Vector Institute Distinguished Lecture Series 2024-2025
Wednesday, November 6, 2024, 3:30 PM - 4:40 PM
Explanations have been proposed as a way to improve the human+AI performance in the context of AI decision support. By providing context for an AI recommendation, the reasoning goes, people will be able to use the decision support to ultimately make better choices. However, many studies have established that reality does not pan out this way: not only does AI decision support often fail to improve human+AI decision quality, but sometimes it makes it worse.

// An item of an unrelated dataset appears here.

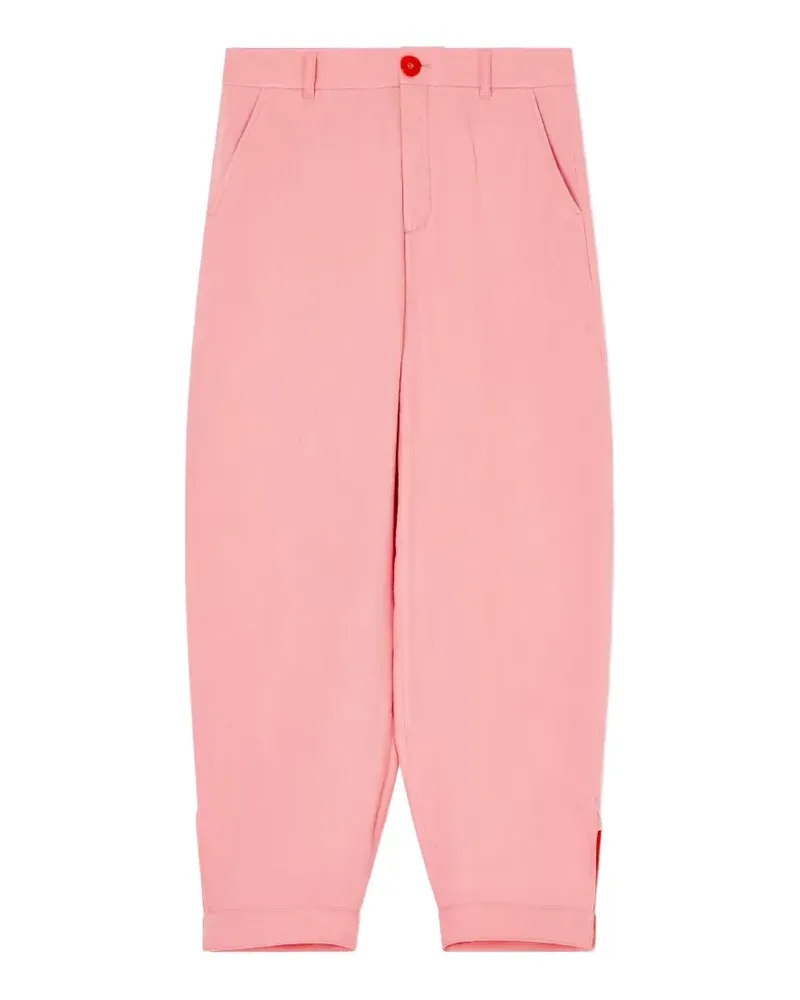 Giorgio Armani button-fastening tapered trousers - Rosa Rosa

In this talk, I will discuss how both the explanation content and delivery can affect the quality of the human+AI decision, and how we can improve both. Regarding content, I will describe ongoing sim2real work in which we first optimize explanations for properties -- computational measures of content quality -- and then use an in-silico approach to determine which properties are likely to be important for users. This represents a paradigm shift of explanations as objects optimized to have certain qualities rather than explanations as simply some forward computation applied to a model. We validate the best candidates in user studies. Regarding delivery, I will present recent studies in which we use machine learning to personalize delivery strategies to the needs of different users.
* This event is open to the public with emphasis on graduate students in machine learning, computer science, ECE, statistics, mathematics, linguistics, medicine, as well as PhD-level data scientists in the GTA.